Solution (a) Let $P(x,y)=2xy+24x$ and $Q(x,y)=x^{2}+16$. Then $\dfrac{\partial P}{\partial y}=2x$ and $\dfrac{\partial Q}{\partial x}=2x$. Since $P,$ $Q,$ $\dfrac{\partial P}{\partial y},$ and $\dfrac{\partial Q }{\partial x}$ are continuous everywhere in the $xy$-plane and since $\dfrac{ \partial P}{\partial y}=\dfrac{\partial Q}{\partial x}$, then $\mathbf{F}=\mathbf{F}(x,y)=(2xy+24x)\mathbf{i}+(x^{2}+16)\mathbf{j}$ is a conservative vector field.

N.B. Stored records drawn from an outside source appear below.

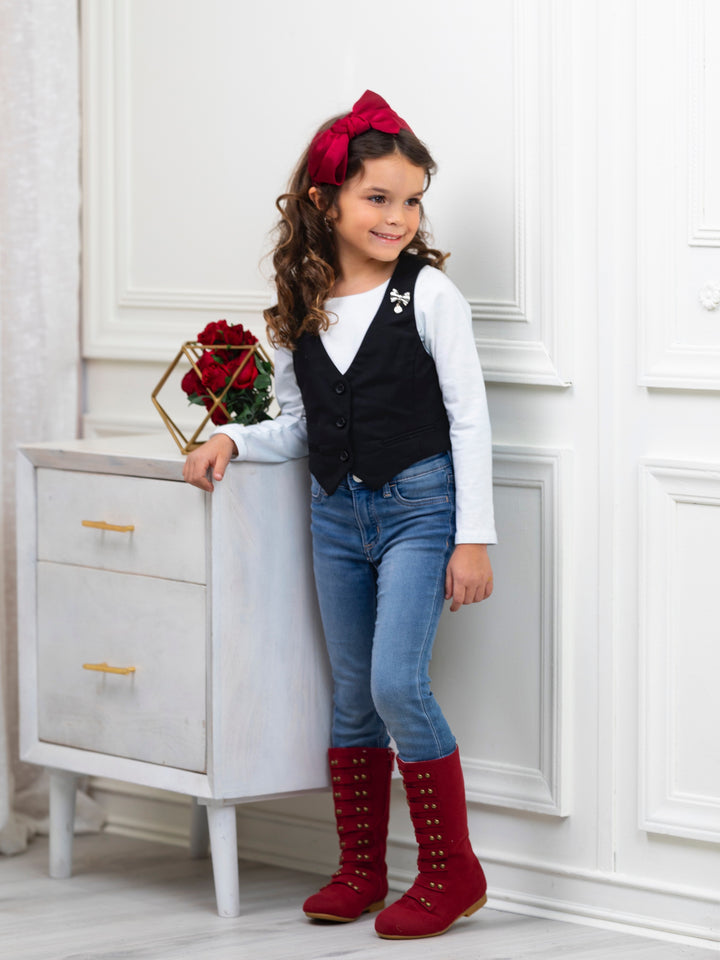 Klassische schwarze Weste mit Schleife für Mädchen von Kids Couture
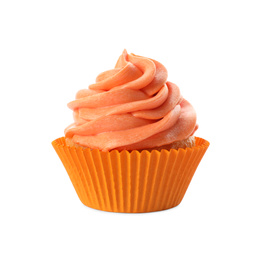 Photo of Delicious birthday cupcake decorated with orange cream isolated on white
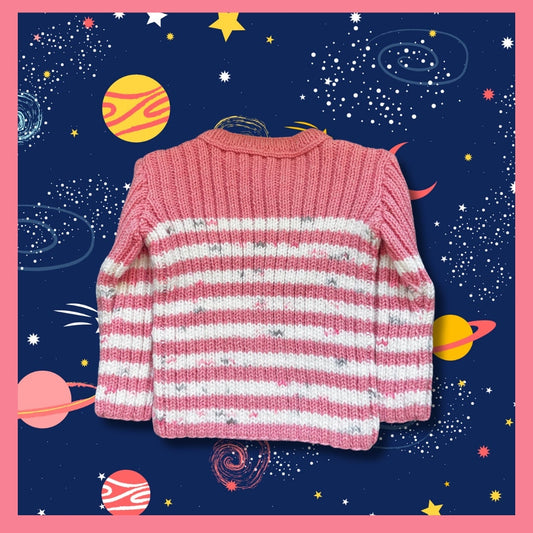 Pink sweater with white and pink stripes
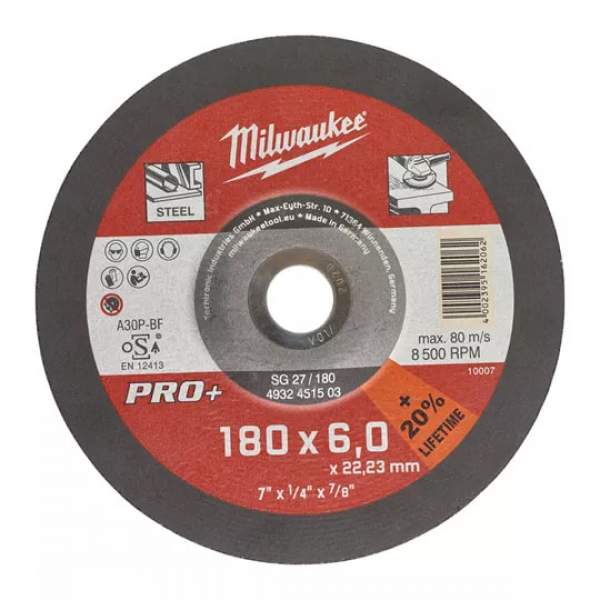 Milwaukee Шлифовальный диск по металлу SG 27/180х6 PRO+ (заказ кратно 10 шт.)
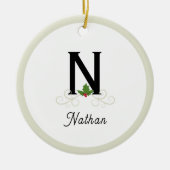 Monogrammed Holly Keramisch Ornament (Voorkant)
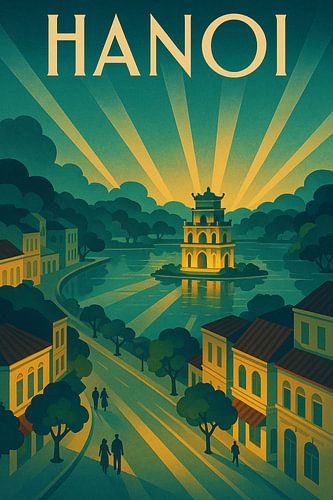 Hanoi Elegance – Art Deco Old Quarter Poster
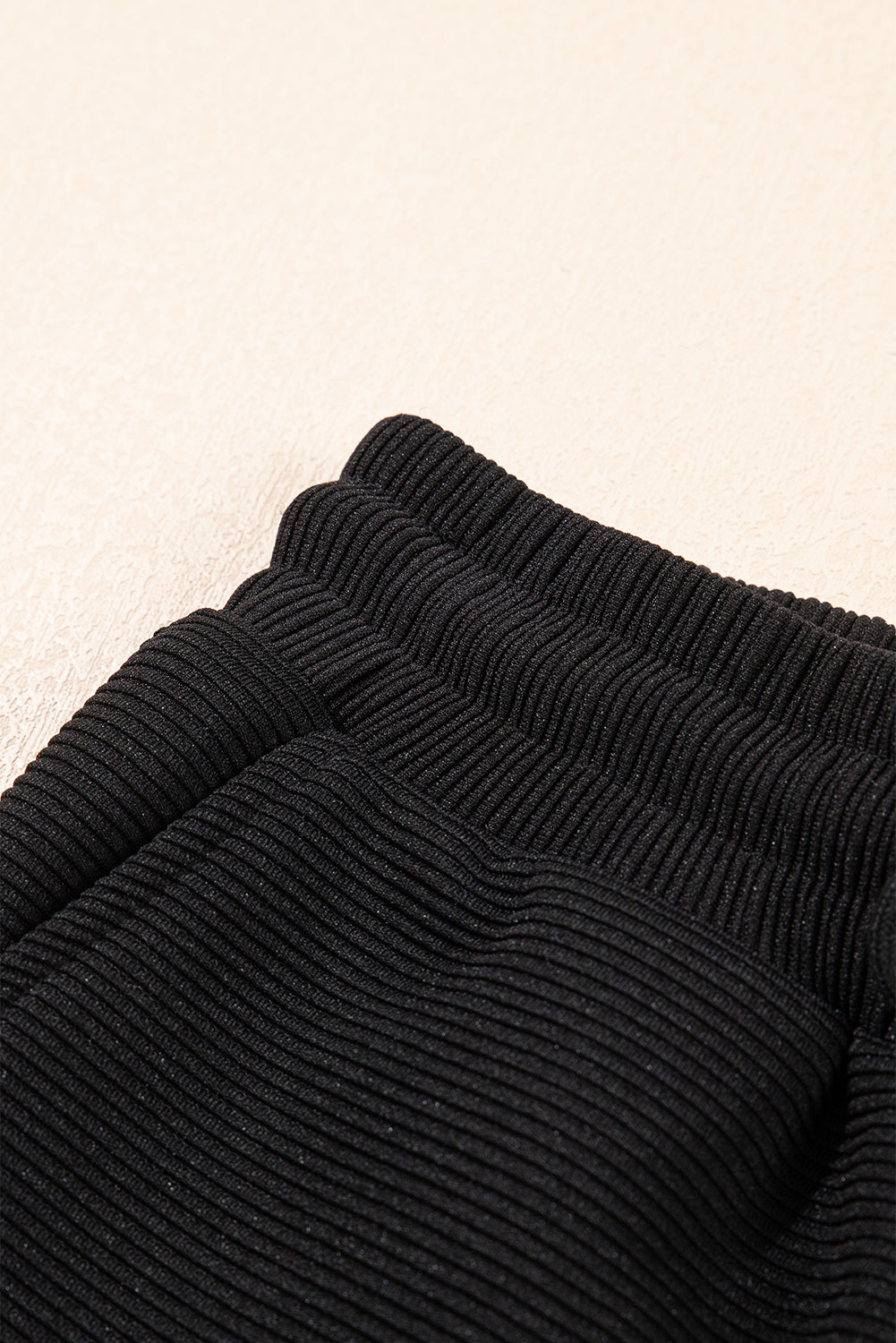Black Textured Ruffle Sleeve Zipped Top and Wide Leg Pants Set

By the Fundamental Theorem of Line Integrals, $\int_{C}\mathbf{F}\,{\cdot}\, d\mathbf{r}$ is independent of the path.

(b)Since $\mathbf{F}=\mathbf{F}(x,y)=(2xy+24x)\mathbf{i}+(x^{2}+16)\mathbf{j}$ is a conservative vector field, there is a potential function $f$ for $\mathbf{F}$ for which $$\nabla\! \ f=\mathbf{F}=(2xy+24x)\mathbf{i}+(x^{2}+16)\mathbf{j}$$

Since $\nabla\! \ f=\dfrac{\partial f}{\partial x}\mathbf{i}+\dfrac{\partial f}{\partial y}\mathbf{j}$, then $$\begin{equation*} \dfrac{\partial f}{\partial x}=2xy+24x\qquad \hbox{and}\qquad \dfrac{\partial f}{\partial y}=x^{2}+16 \end{equation*}$$

We integrate the first of these partial derivatives partially with respect to $x$. $$\begin{equation*} f(x,y)=\int (2xy+24x)\,dx=x^{2}y+12x^{2}+h(y) \end{equation*}$$

where the “constant of integration,” $h(y)$, is a function of $y$. Now we differentiate $f$ with respect to $y$, obtaining $$\begin{equation*} \dfrac{\partial f}{\partial y}=\dfrac{\partial }{\partial y}[x^{2}y+12x^{2}+h(y)] =x^{2}+h' (y) \end{equation*}$$

But $\dfrac{\partial f}{\partial y}=x^{2}+16$, so $h' (y)=16$. Now we integrate $h'$ with respect to $y$; then $$h(y)=16y+K$$

where $K$ is a constant. So, $$f(x,y)=x^{2}y+12x^{2}+16y+K$$

is a potential function for $\mathbf{F}.$

(c) Since $\mathbf{F}$ is independent of the path, we can use the Fundamental Theorem of Line Integrals. Since $f(x,y)=x^{2}y+12x^{2}+16y + K$ and $\mathbf{F}=\nabla\! \ f,$ $$\begin{equation*} \int_{C}\mathbf{F}\,{\cdot}\, d\mathbf{r}=\int_{C}\nabla\! \ f\,{\cdot}\, d\mathbf{r}=\big[ f(x,y)\big] _{(0,1)}^{(1,2)}=f(1,2)-f(0,1)=46-16=30 \end{equation*}$$

for any piecewise-smooth curve $C$ connecting $( 0,1)$ to $( 1,2)$.

NOW WORK

Problem 37.

Solution (a) Let $P(x,y)=y\cos x+2xe^{y}$ and $Q(x,y)=\sin x+x^{2}e^{y}+4$. Then $$\begin{equation*} \dfrac{\partial P}{\partial y}=\cos x+2xe^{y}=\dfrac{\partial Q}{\partial x} \end{equation*}$$

Since $P,$ $\ Q,$ $\ \dfrac{\partial P}{\partial y}$, and $\dfrac{\partial Q }{\partial x}$ are continuous everywhere in the $xy$-plane, and since $\dfrac{\partial P}{\partial y}=\dfrac{\partial Q}{\partial x}$, the vector field $\mathbf{F}=\mathbf{F}(x,y)=(y\cos x+2xe^{y})\mathbf{i}+(\sin x+x^{2}e^{y}+4)\mathbf{j}$ is conservative and $\int_{C}\mathbf{F}\,{\cdot}\, d\mathbf{r}$ is independent of the path.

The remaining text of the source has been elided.